Addiction is a complex, but treatable disease. Abusing drugs or alcohol alters the brain functions and the effects tend to linger even after ceasing to use the substance. It can have a gripping impact on the addict leaving him or her in a terrible state, with only sustained treatment being the sole remedy.
Detox treatment helps addicts in quitting and overcoming compulsive drug seeking tendency and bring about long-term sobriety. Treatment can occur in a variety of settings with different tenure and techniques. Drug addiction treatment could be medications, behavioral therapies and sometimes a combination of both. There are a variety of evidence-based programs to treat addiction and it depends a lot on the individual.
Let’s take a look at the factors that make an addiction treatment effective and long-term:
Treatment should be easily available
Early intervention is the key and addiction treatment should be easily accessible. If an addict is unable to find an appropriate detox treatment early on, chances are that the addiction will deteriorate requiring more complex treatment procedures in the future. Finding a reputable detox center in the vicinity is paramount.
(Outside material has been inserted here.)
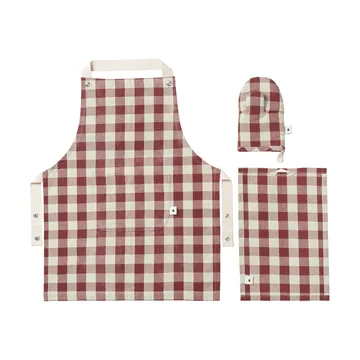 Bothy set da cucina per bambini - 3 pezzi, cinnamon-grey-green - Ferm Living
Whether it is the rapid detox centers or the conventional rehab facilities, seeking treatment at the earliest is most important.
A good treatment program is all-encompassing
In order to be effective, an addiction treatment approach cannot be lopsided. It has to address more than just the drug abuse. An effective addiction treatment program considers any associated medical, psychological, social, vocational, and legal problems of the addict.
Completing the de-addiction treatment
“Remaining in treatment for an adequate period of time is critical,” according to the Principles of Drug Addiction Treatment (third edition), a research-based guide released by the National Institute on Drug Abuse (NIDA). “Research indicates that most addicted individuals need at least 3 months in treatment to significantly reduce or stop their drug use and that the best outcomes occur with longer durations of treatment,” it says.
All-round support for the addict
The NIDA guideline says, “Treatment does not need to be voluntary to be effective. Sanctions or enticements from family, employment settings, and/or the criminal justice system can significantly increase treatment entry, retention rates, and the ultimate success of drug treatment interventions.” Encouraging the addict and bringing him or her to the treatment level is the first important step, the rest will definitely follow suit.
Treatment of dual diagnosis
Sometimes an addict might be suffering from a co-occurring mental condition as well. Treating only the addiction without intervening the mental condition would not yield the desired outcome. Most relapses are a resultant outcome of this negligence. “Because drug abuse and addiction – both of which are mental disorders – often co-occur with other mental illnesses, patients presenting with one condition should be assessed for the other(s),” according to the NIDA guideline.
It is the call of the doctors and treatment specialists to decide on the treatment procedure by studying individual profiles of the addicts. Whether it is behavioral therapy, including individual, family, and group counseling, or medication, the treating doctors are the best judge of the condition.
Medications are also an important element of drug treatment for many patients and are usually combined with counseling and other behavioral therapies. Some of the most commonly administered medicines include methadone, buprenorphine, and naltrexone.